WHAT YOU WILL DO: Give the records again in full, exactly as they are.

SUPPLIED RECORDS:
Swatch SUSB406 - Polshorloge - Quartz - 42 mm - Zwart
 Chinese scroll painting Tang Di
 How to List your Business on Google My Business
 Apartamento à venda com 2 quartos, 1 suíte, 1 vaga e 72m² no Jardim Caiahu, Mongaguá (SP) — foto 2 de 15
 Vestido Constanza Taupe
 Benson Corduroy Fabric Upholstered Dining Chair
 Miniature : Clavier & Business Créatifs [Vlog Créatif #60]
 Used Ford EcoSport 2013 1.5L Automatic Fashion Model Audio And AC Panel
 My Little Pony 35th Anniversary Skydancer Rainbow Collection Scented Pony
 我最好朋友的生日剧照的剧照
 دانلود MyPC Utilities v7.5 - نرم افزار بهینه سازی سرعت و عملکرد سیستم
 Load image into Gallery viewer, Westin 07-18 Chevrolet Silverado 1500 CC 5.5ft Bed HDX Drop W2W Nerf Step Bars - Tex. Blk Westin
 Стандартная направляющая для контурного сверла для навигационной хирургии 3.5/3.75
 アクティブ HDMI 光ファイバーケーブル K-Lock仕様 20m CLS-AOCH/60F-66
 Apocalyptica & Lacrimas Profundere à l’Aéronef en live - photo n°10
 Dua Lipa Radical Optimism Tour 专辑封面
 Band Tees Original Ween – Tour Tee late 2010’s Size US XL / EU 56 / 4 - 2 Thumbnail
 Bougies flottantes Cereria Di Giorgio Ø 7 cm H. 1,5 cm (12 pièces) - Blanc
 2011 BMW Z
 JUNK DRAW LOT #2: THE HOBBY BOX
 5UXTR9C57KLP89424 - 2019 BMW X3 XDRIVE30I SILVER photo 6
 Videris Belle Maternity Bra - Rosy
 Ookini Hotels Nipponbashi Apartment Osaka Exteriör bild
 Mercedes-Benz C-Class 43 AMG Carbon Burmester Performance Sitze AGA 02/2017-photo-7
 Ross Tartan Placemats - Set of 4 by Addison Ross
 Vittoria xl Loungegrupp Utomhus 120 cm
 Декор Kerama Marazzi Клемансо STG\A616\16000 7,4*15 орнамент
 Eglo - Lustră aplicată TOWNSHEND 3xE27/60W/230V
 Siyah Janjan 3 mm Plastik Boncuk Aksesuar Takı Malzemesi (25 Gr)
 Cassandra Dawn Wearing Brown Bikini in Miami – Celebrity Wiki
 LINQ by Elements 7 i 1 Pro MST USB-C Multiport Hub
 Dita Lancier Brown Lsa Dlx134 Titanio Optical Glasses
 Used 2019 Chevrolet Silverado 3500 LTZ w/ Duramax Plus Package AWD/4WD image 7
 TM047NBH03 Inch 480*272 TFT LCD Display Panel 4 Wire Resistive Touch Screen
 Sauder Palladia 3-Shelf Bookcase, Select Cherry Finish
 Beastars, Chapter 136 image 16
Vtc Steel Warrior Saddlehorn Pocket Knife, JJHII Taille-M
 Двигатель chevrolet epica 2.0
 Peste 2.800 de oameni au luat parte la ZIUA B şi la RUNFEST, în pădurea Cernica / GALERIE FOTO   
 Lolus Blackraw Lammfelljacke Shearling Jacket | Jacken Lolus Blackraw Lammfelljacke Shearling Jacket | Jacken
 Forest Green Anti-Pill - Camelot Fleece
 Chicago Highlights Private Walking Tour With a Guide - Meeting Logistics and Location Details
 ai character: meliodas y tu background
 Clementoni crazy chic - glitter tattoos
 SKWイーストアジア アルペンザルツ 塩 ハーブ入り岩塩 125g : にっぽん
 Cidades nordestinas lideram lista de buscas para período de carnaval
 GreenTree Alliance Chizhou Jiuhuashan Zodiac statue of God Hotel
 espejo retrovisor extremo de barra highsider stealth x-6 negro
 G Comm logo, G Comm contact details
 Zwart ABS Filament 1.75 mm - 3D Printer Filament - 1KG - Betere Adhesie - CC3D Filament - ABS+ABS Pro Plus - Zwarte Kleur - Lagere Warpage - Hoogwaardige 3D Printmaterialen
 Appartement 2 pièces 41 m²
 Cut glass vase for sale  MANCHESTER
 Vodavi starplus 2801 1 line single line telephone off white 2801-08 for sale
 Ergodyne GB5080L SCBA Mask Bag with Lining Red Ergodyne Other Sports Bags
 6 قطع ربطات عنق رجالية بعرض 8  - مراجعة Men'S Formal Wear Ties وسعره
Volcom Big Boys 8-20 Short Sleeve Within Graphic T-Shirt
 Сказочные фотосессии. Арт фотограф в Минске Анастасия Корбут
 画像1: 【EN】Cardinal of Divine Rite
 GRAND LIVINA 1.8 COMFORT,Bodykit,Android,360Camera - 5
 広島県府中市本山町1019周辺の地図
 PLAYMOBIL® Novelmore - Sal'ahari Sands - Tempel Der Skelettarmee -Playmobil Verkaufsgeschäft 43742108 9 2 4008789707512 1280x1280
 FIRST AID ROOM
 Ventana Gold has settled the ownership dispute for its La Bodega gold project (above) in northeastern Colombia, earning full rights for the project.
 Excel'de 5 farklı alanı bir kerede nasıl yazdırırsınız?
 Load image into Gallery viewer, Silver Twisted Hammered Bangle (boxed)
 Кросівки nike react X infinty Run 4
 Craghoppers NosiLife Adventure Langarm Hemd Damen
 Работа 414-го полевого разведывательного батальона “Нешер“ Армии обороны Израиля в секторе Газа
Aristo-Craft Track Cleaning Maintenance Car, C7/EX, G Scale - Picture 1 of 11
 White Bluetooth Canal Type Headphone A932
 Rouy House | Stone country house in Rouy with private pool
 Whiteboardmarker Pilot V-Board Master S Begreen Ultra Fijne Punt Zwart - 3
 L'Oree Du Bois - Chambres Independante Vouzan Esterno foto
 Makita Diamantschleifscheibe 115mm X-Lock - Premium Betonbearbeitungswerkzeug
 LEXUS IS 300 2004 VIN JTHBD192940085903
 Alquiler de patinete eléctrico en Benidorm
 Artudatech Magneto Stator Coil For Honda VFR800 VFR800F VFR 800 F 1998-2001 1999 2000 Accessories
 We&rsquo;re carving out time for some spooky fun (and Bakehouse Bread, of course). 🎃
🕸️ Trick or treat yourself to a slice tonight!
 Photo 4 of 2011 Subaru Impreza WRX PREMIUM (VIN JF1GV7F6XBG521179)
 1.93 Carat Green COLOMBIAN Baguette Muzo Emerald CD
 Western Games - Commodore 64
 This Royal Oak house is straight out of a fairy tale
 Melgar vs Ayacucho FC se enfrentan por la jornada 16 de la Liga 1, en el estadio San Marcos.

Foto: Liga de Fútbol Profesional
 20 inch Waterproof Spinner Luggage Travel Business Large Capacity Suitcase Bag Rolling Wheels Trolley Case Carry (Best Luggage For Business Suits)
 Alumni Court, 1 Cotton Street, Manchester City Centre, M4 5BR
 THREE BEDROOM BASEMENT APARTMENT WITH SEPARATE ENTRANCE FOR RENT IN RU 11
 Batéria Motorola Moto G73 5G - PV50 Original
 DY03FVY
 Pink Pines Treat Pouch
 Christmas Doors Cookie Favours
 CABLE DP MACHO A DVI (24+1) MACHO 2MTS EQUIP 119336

EXPECTED ANSWER:
Swatch SUSB406 - Polshorloge - Quartz - 42 mm - Zwart
 Chinese scroll painting Tang Di
 How to List your Business on Google My Business
 Apartamento à venda com 2 quartos, 1 suíte, 1 vaga e 72m² no Jardim Caiahu, Mongaguá (SP) — foto 2 de 15
 Vestido Constanza Taupe
 Benson Corduroy Fabric Upholstered Dining Chair
 Miniature : Clavier & Business Créatifs [Vlog Créatif #60]
 Used Ford EcoSport 2013 1.5L Automatic Fashion Model Audio And AC Panel
 My Little Pony 35th Anniversary Skydancer Rainbow Collection Scented Pony
 我最好朋友的生日剧照的剧照
 دانلود MyPC Utilities v7.5 - نرم افزار بهینه سازی سرعت و عملکرد سیستم
 Load image into Gallery viewer, Westin 07-18 Chevrolet Silverado 1500 CC 5.5ft Bed HDX Drop W2W Nerf Step Bars - Tex. Blk Westin
 Стандартная направляющая для контурного сверла для навигационной хирургии 3.5/3.75
 アクティブ HDMI 光ファイバーケーブル K-Lock仕様 20m CLS-AOCH/60F-66
 Apocalyptica & Lacrimas Profundere à l’Aéronef en live - photo n°10
 Dua Lipa Radical Optimism Tour 专辑封面
 Band Tees Original Ween – Tour Tee late 2010’s Size US XL / EU 56 / 4 - 2 Thumbnail
 Bougies flottantes Cereria Di Giorgio Ø 7 cm H. 1,5 cm (12 pièces) - Blanc
 2011 BMW Z
 JUNK DRAW LOT #2: THE HOBBY BOX
 5UXTR9C57KLP89424 - 2019 BMW X3 XDRIVE30I SILVER photo 6
 Videris Belle Maternity Bra - Rosy
 Ookini Hotels Nipponbashi Apartment Osaka Exteriör bild
 Mercedes-Benz C-Class 43 AMG Carbon Burmester Performance Sitze AGA 02/2017-photo-7
 Ross Tartan Placemats - Set of 4 by Addison Ross
 Vittoria xl Loungegrupp Utomhus 120 cm
 Декор Kerama Marazzi Клемансо STG\A616\16000 7,4*15 орнамент
 Eglo - Lustră aplicată TOWNSHEND 3xE27/60W/230V
 Siyah Janjan 3 mm Plastik Boncuk Aksesuar Takı Malzemesi (25 Gr)
 Cassandra Dawn Wearing Brown Bikini in Miami – Celebrity Wiki
 LINQ by Elements 7 i 1 Pro MST USB-C Multiport Hub
 Dita Lancier Brown Lsa Dlx134 Titanio Optical Glasses
 Used 2019 Chevrolet Silverado 3500 LTZ w/ Duramax Plus Package AWD/4WD image 7
 TM047NBH03 Inch 480*272 TFT LCD Display Panel 4 Wire Resistive Touch Screen
 Sauder Palladia 3-Shelf Bookcase, Select Cherry Finish
 Beastars, Chapter 136 image 16
Vtc Steel Warrior Saddlehorn Pocket Knife, JJHII Taille-M
 Двигатель chevrolet epica 2.0
 Peste 2.800 de oameni au luat parte la ZIUA B şi la RUNFEST, în pădurea Cernica / GALERIE FOTO   
 Lolus Blackraw Lammfelljacke Shearling Jacket | Jacken Lolus Blackraw Lammfelljacke Shearling Jacket | Jacken
 Forest Green Anti-Pill - Camelot Fleece
 Chicago Highlights Private Walking Tour With a Guide - Meeting Logistics and Location Details
 ai character: meliodas y tu background
 Clementoni crazy chic - glitter tattoos
 SKWイーストアジア アルペンザルツ 塩 ハーブ入り岩塩 125g : にっぽん
 Cidades nordestinas lideram lista de buscas para período de carnaval
 GreenTree Alliance Chizhou Jiuhuashan Zodiac statue of God Hotel
 espejo retrovisor extremo de barra highsider stealth x-6 negro
 G Comm logo, G Comm contact details
 Zwart ABS Filament 1.75 mm - 3D Printer Filament - 1KG - Betere Adhesie - CC3D Filament - ABS+ABS Pro Plus - Zwarte Kleur - Lagere Warpage - Hoogwaardige 3D Printmaterialen
 Appartement 2 pièces 41 m²
 Cut glass vase for sale  MANCHESTER
 Vodavi starplus 2801 1 line single line telephone off white 2801-08 for sale
 Ergodyne GB5080L SCBA Mask Bag with Lining Red Ergodyne Other Sports Bags
 6 قطع ربطات عنق رجالية بعرض 8  - مراجعة Men'S Formal Wear Ties وسعره
Volcom Big Boys 8-20 Short Sleeve Within Graphic T-Shirt
 Сказочные фотосессии. Арт фотограф в Минске Анастасия Корбут
 画像1: 【EN】Cardinal of Divine Rite
 GRAND LIVINA 1.8 COMFORT,Bodykit,Android,360Camera - 5
 広島県府中市本山町1019周辺の地図
 PLAYMOBIL® Novelmore - Sal'ahari Sands - Tempel Der Skelettarmee -Playmobil Verkaufsgeschäft 43742108 9 2 4008789707512 1280x1280
 FIRST AID ROOM
 Ventana Gold has settled the ownership dispute for its La Bodega gold project (above) in northeastern Colombia, earning full rights for the project.
 Excel'de 5 farklı alanı bir kerede nasıl yazdırırsınız?
 Load image into Gallery viewer, Silver Twisted Hammered Bangle (boxed)
 Кросівки nike react X infinty Run 4
 Craghoppers NosiLife Adventure Langarm Hemd Damen
 Работа 414-го полевого разведывательного батальона “Нешер“ Армии обороны Израиля в секторе Газа
Aristo-Craft Track Cleaning Maintenance Car, C7/EX, G Scale - Picture 1 of 11
 White Bluetooth Canal Type Headphone A932
 Rouy House | Stone country house in Rouy with private pool
 Whiteboardmarker Pilot V-Board Master S Begreen Ultra Fijne Punt Zwart - 3
 L'Oree Du Bois - Chambres Independante Vouzan Esterno foto
 Makita Diamantschleifscheibe 115mm X-Lock - Premium Betonbearbeitungswerkzeug
 LEXUS IS 300 2004 VIN JTHBD192940085903
 Alquiler de patinete eléctrico en Benidorm
 Artudatech Magneto Stator Coil For Honda VFR800 VFR800F VFR 800 F 1998-2001 1999 2000 Accessories
 We&rsquo;re carving out time for some spooky fun (and Bakehouse Bread, of course). 🎃
🕸️ Trick or treat yourself to a slice tonight!
 Photo 4 of 2011 Subaru Impreza WRX PREMIUM (VIN JF1GV7F6XBG521179)
 1.93 Carat Green COLOMBIAN Baguette Muzo Emerald CD
 Western Games - Commodore 64
 This Royal Oak house is straight out of a fairy tale
 Melgar vs Ayacucho FC se enfrentan por la jornada 16 de la Liga 1, en el estadio San Marcos.

Foto: Liga de Fútbol Profesional
 20 inch Waterproof Spinner Luggage Travel Business Large Capacity Suitcase Bag Rolling Wheels Trolley Case Carry (Best Luggage For Business Suits)
 Alumni Court, 1 Cotton Street, Manchester City Centre, M4 5BR
 THREE BEDROOM BASEMENT APARTMENT WITH SEPARATE ENTRANCE FOR RENT IN RU 11
 Batéria Motorola Moto G73 5G - PV50 Original
 DY03FVY
 Pink Pines Treat Pouch
 Christmas Doors Cookie Favours
 CABLE DP MACHO A DVI (24+1) MACHO 2MTS EQUIP 119336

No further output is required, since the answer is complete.